====== Data shown ======

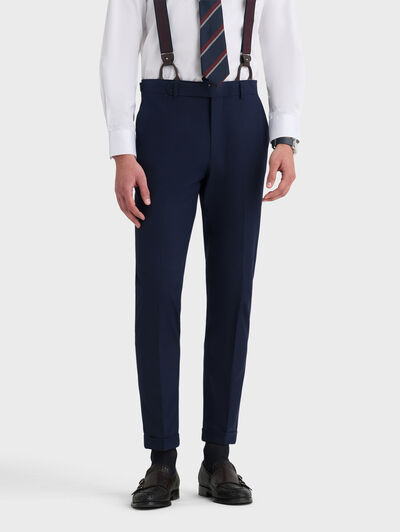 PANTALON NAPOLI GALES AZUL MARINO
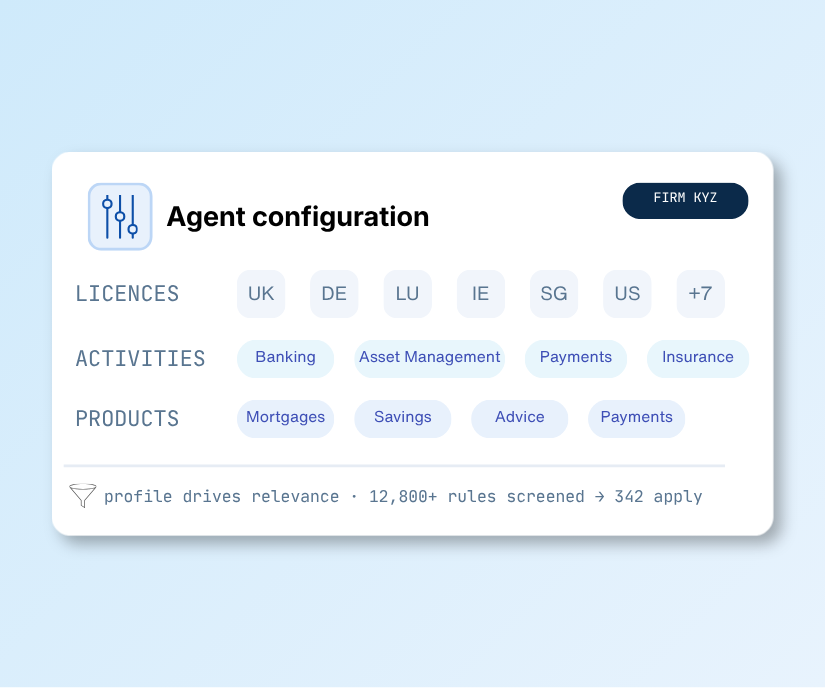 Structured regulatory data backbone powering FinregE agentic AI compliance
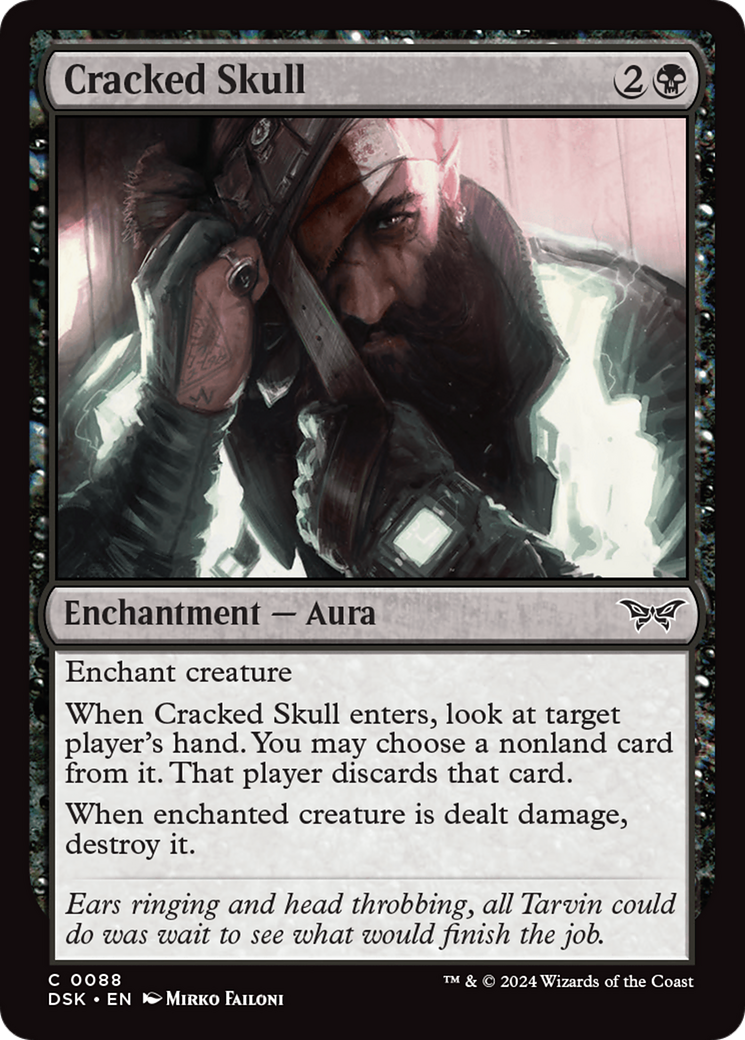 Cracked Skull (DSK-088) [Duskmourn: House of Horror] Foil MTG Single Wizards of the Coast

======

▶ _Task objective_: Give the listing above again in its entirety, exactly as written and free of images.

▶ _Written answer_:
 PANTALON NAPOLI GALES AZUL MARINO
 Structured regulatory data backbone powering FinregE agentic AI compliance
 Cracked Skull (DSK-088) [Duskmourn: House of Horror] Foil MTG Single Wizards of the Coast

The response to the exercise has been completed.